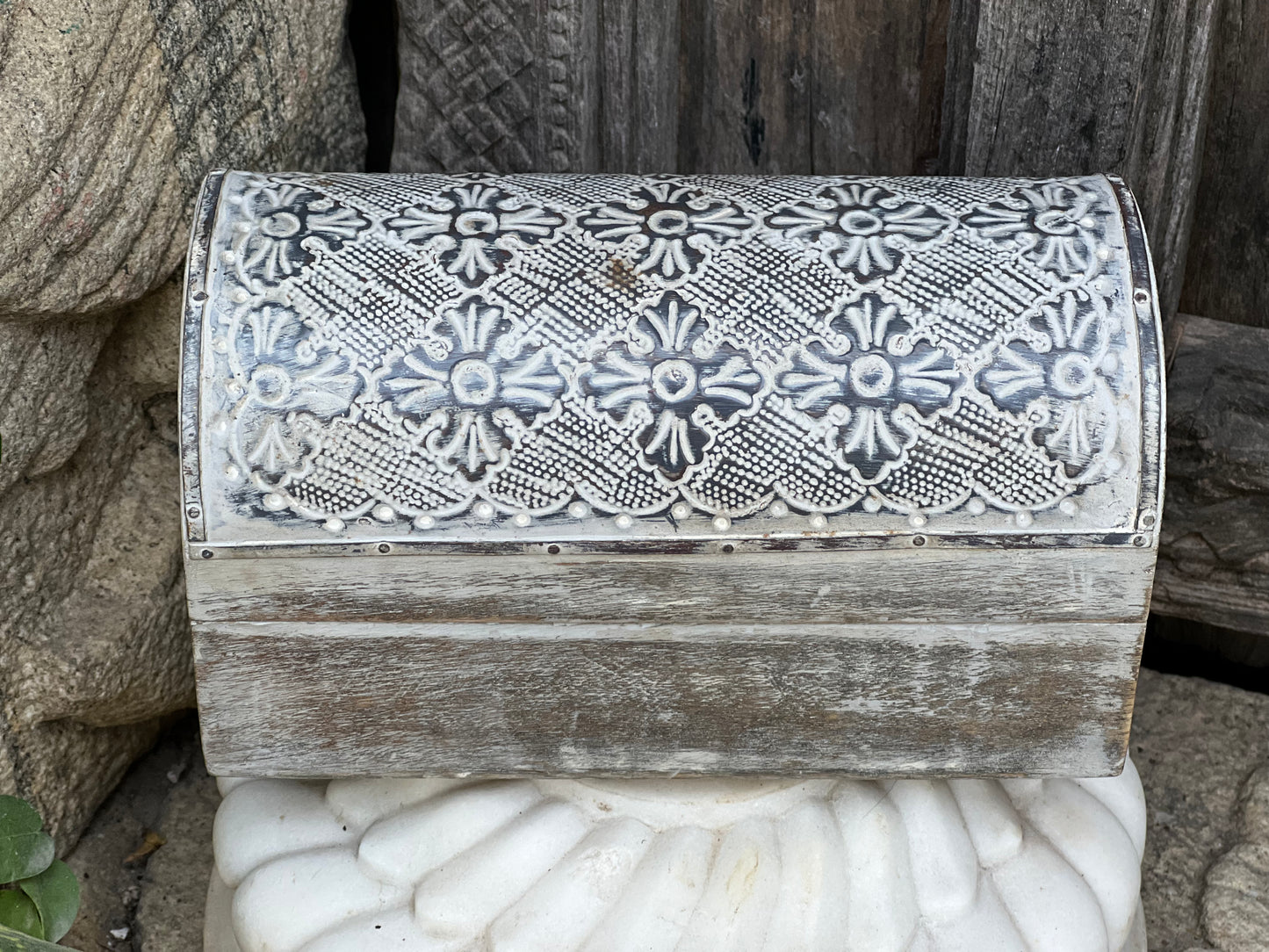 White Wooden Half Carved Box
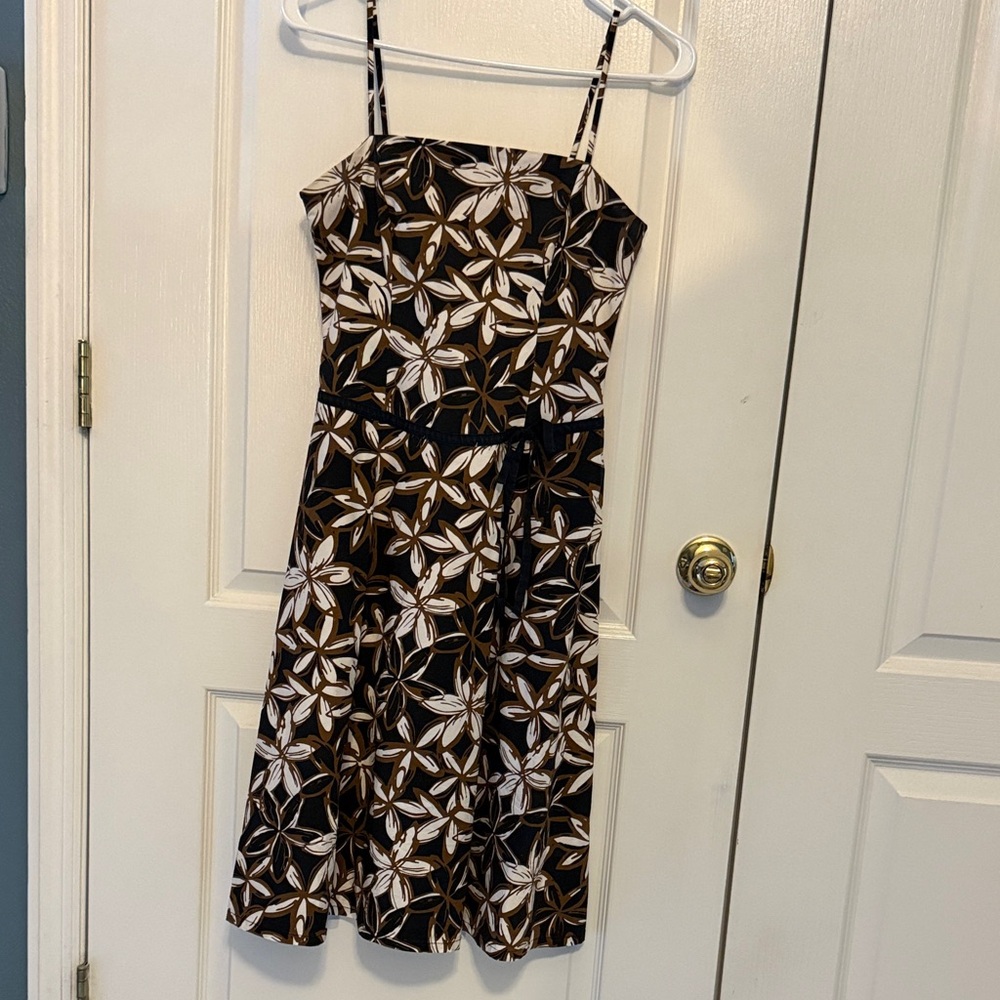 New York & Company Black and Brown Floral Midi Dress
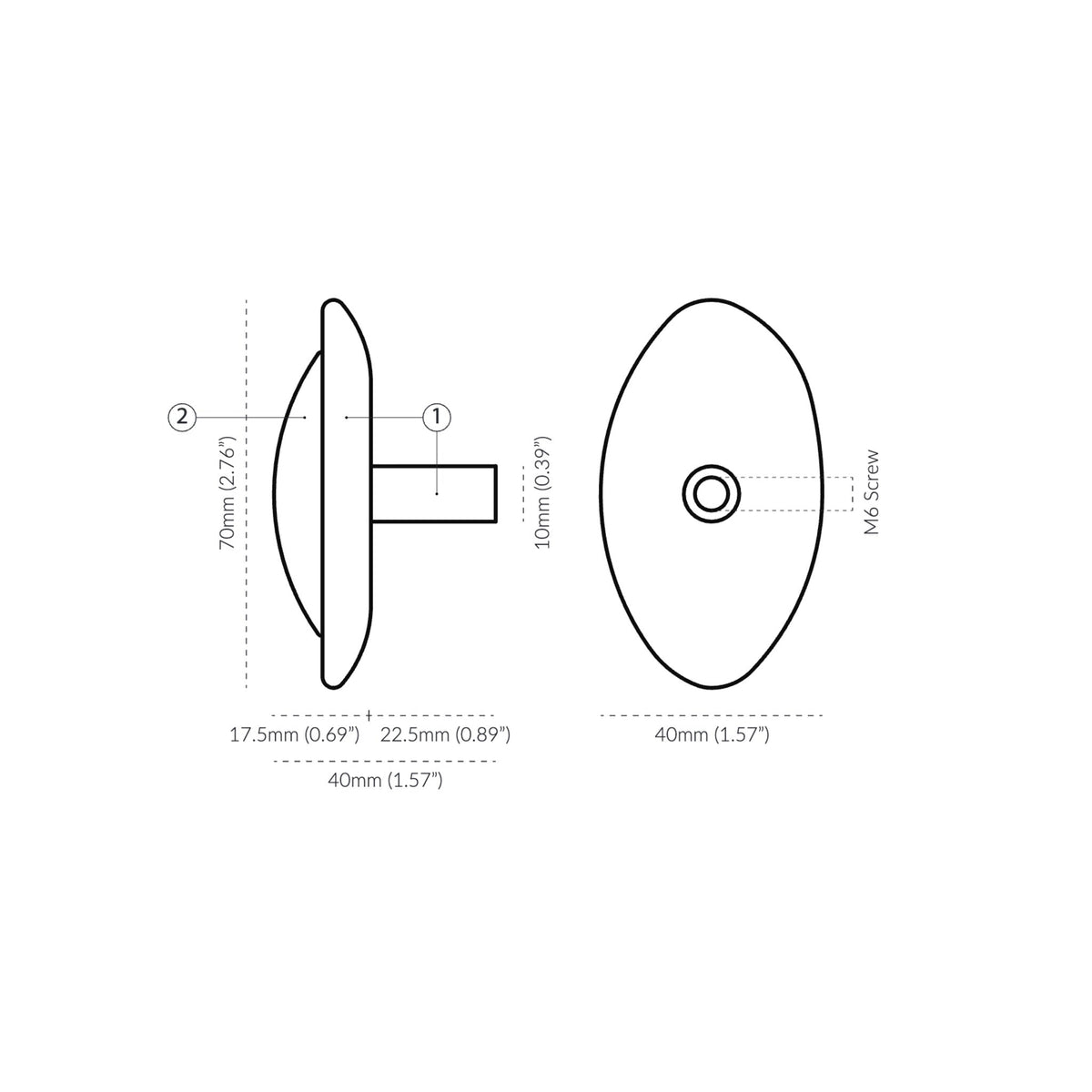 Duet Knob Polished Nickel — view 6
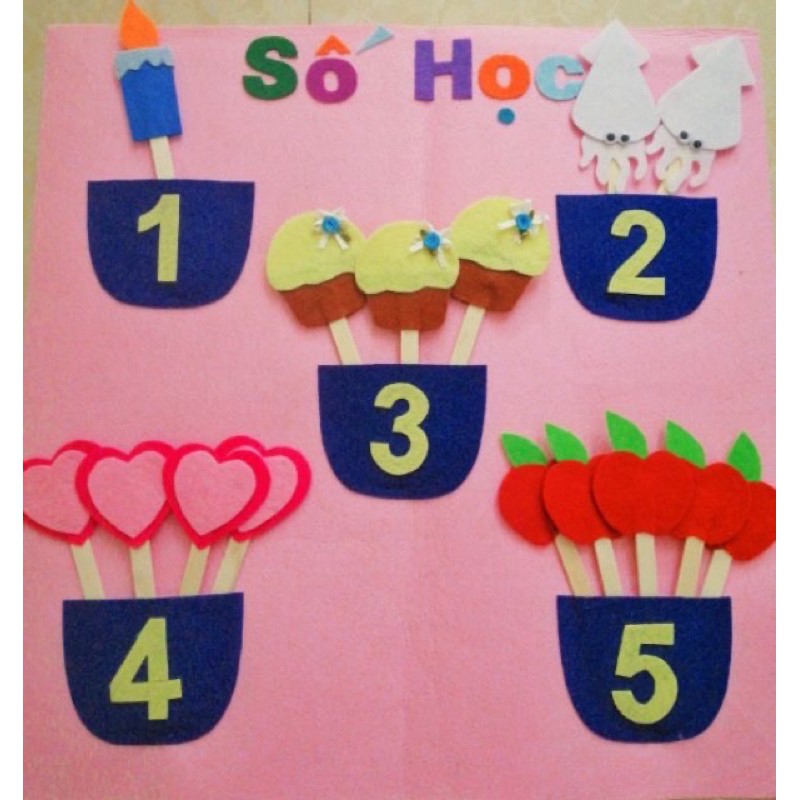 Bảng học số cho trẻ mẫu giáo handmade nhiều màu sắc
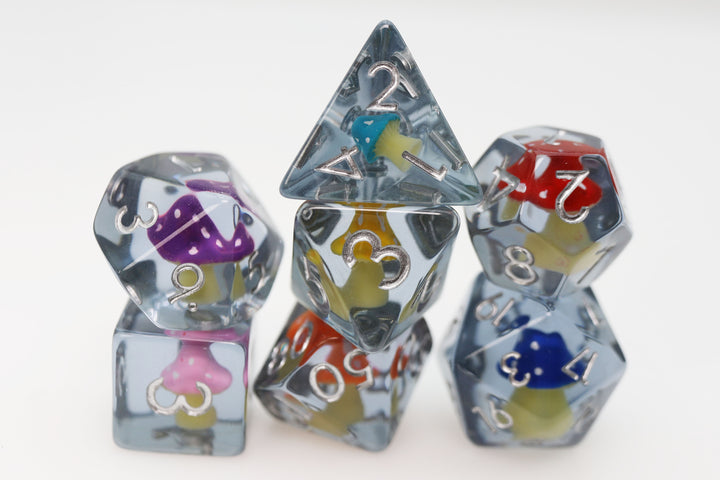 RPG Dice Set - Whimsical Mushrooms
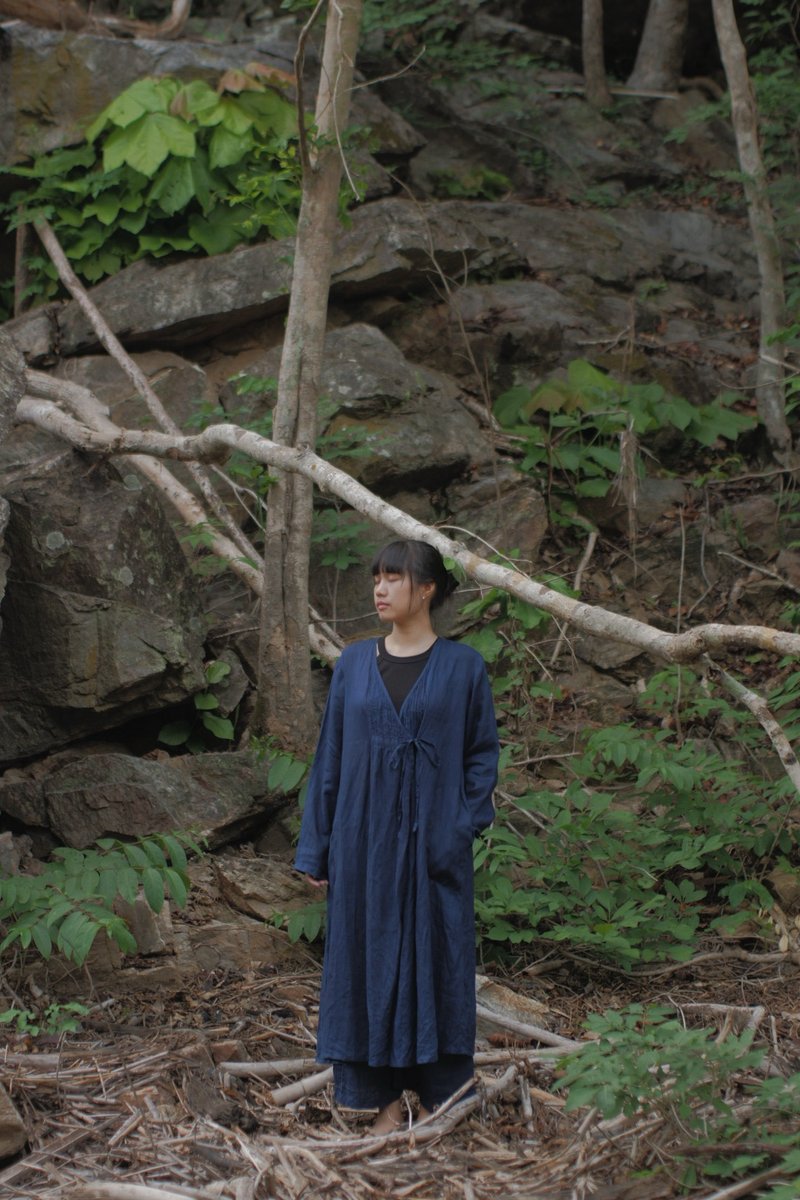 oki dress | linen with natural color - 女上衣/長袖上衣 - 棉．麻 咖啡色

################

- **PROBLEM TO WORK ON**:
With the images omitted, retype the records above exactly.

- **COMPLETED TASK**:
 White Wooden Half Carved Box
 New York & Company Black and Brown Floral Midi Dress
 Duet Knob Polished Nickel — view 6
 Bảng học số cho trẻ mẫu giáo handmade nhiều màu sắc
 RPG Dice Set - Whimsical Mushrooms
 oki dress | linen with natural color - 女上衣/長袖上衣 - 棉．麻 咖啡色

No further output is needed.